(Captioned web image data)
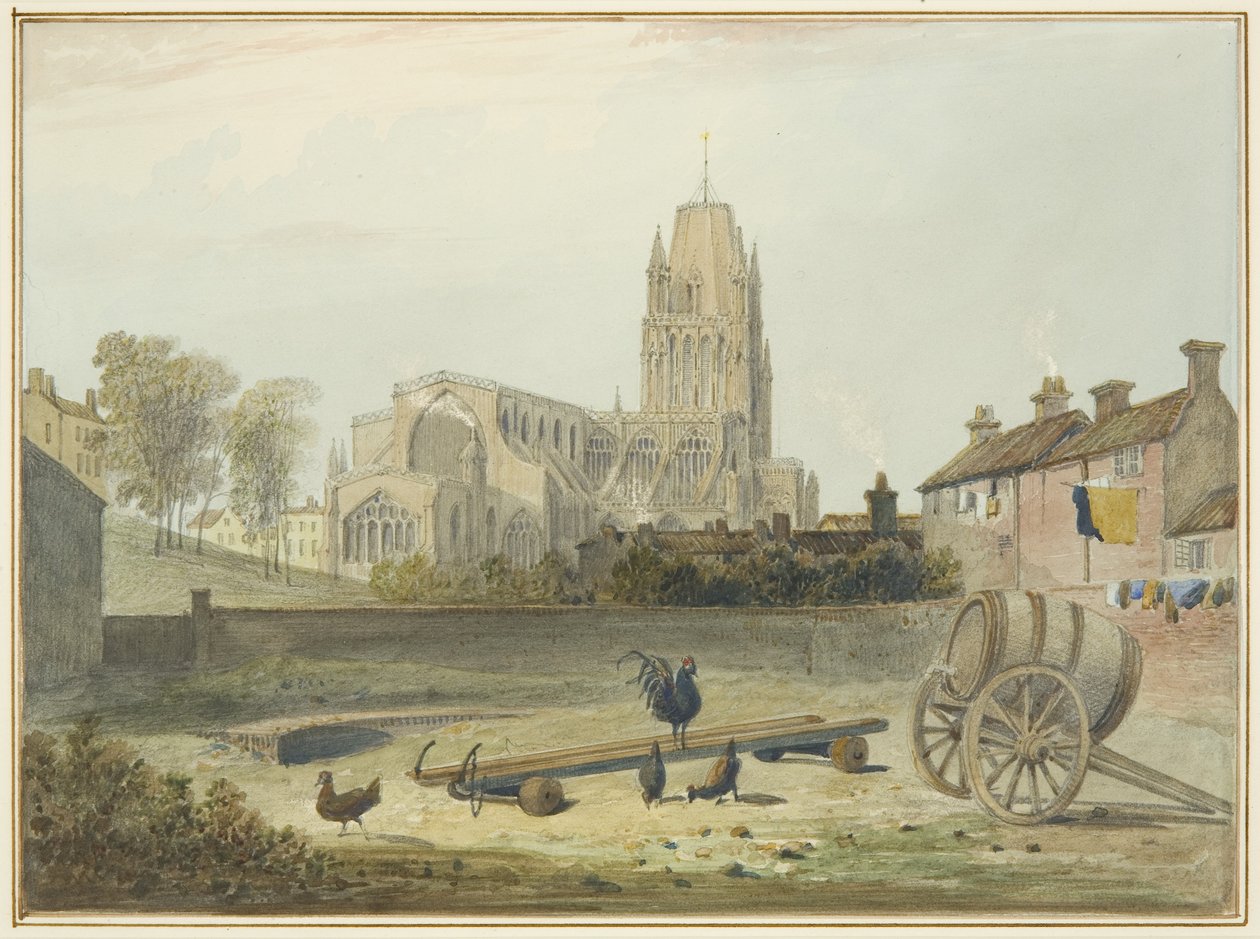 St. Mary Redcliffe kerk vanuit het noordoosten door Thomas Leeson the Elder Rowbotham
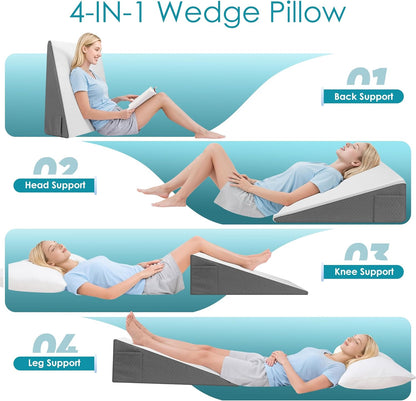 Skiennix Wedge Pillow - 8 Inch Cooling Memory Foam Bed Wedge for Back Support & Leg Elevation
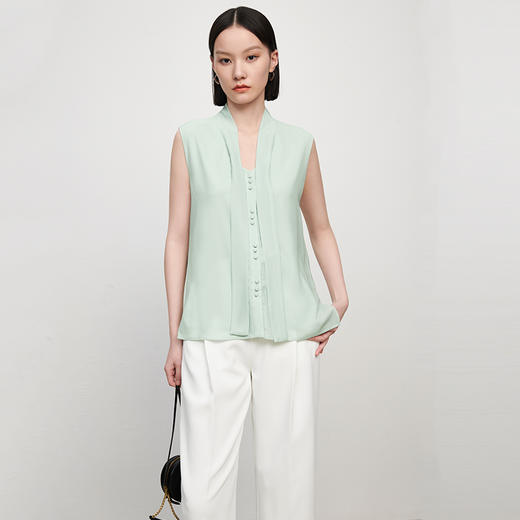 IN AND ON21210夏季新款设计感丝滑飘带衬衫女V领丝质无袖背心上衣 商品图0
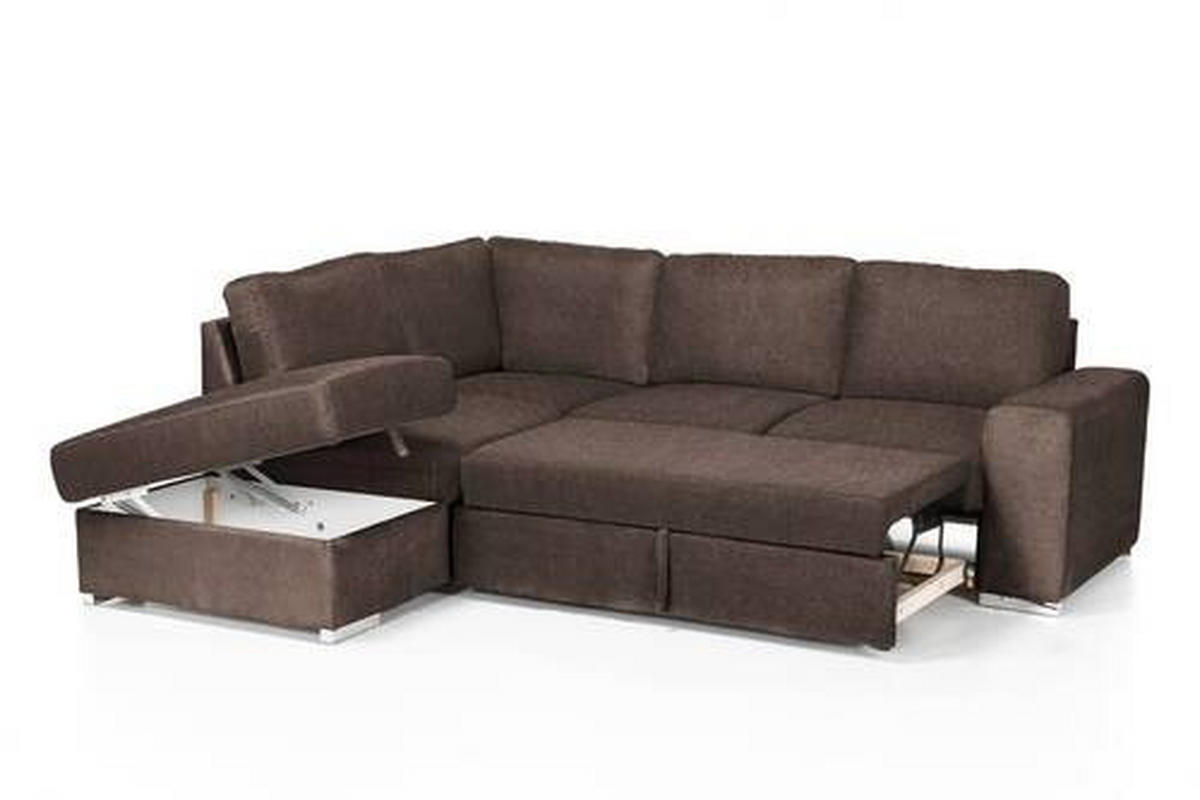 ECKSOFA in Mikrofaser Taupe  - Taupe/Chromfarben, Konventionell, Textil/Metall (213/248cm) - MID.YOU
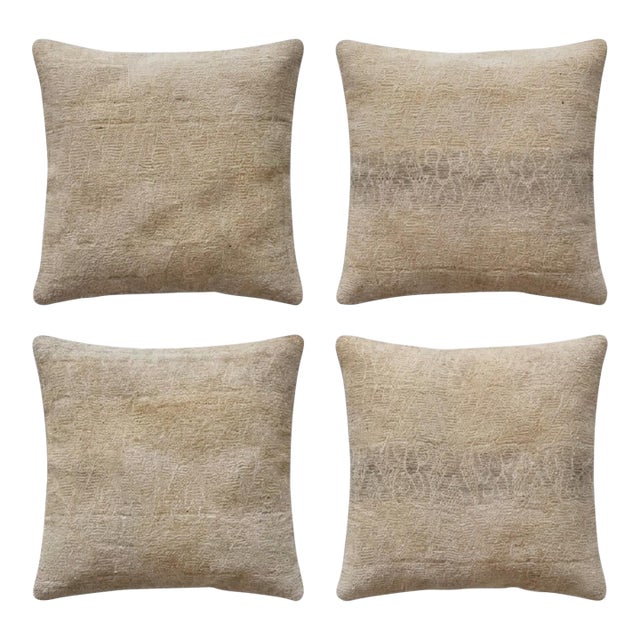 Turkish Wool Kilim Pillow Cover 24'' X 24'' - Set of Four For Sale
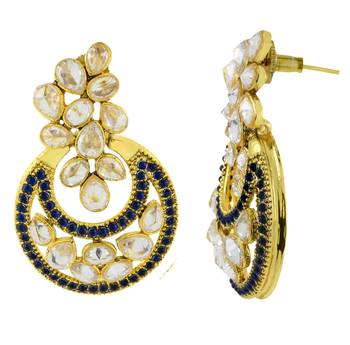 Designer Flower Kundan Blue Gold Plated Chandbali Earring For Women 2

YOUR OBJECTIVE: Starting with the line that contains "ECKSOFA in Mikrofaser", give the lines again exactly as they appear through the last line of the data, pictures excluded.

RESPONSE AREA:
 ECKSOFA in Mikrofaser Taupe  - Taupe/Chromfarben, Konventionell, Textil/Metall (213/248cm) - MID.YOU
 Turkish Wool Kilim Pillow Cover 24'' X 24'' - Set of Four For Sale
 Designer Flower Kundan Blue Gold Plated Chandbali Earring For Women 2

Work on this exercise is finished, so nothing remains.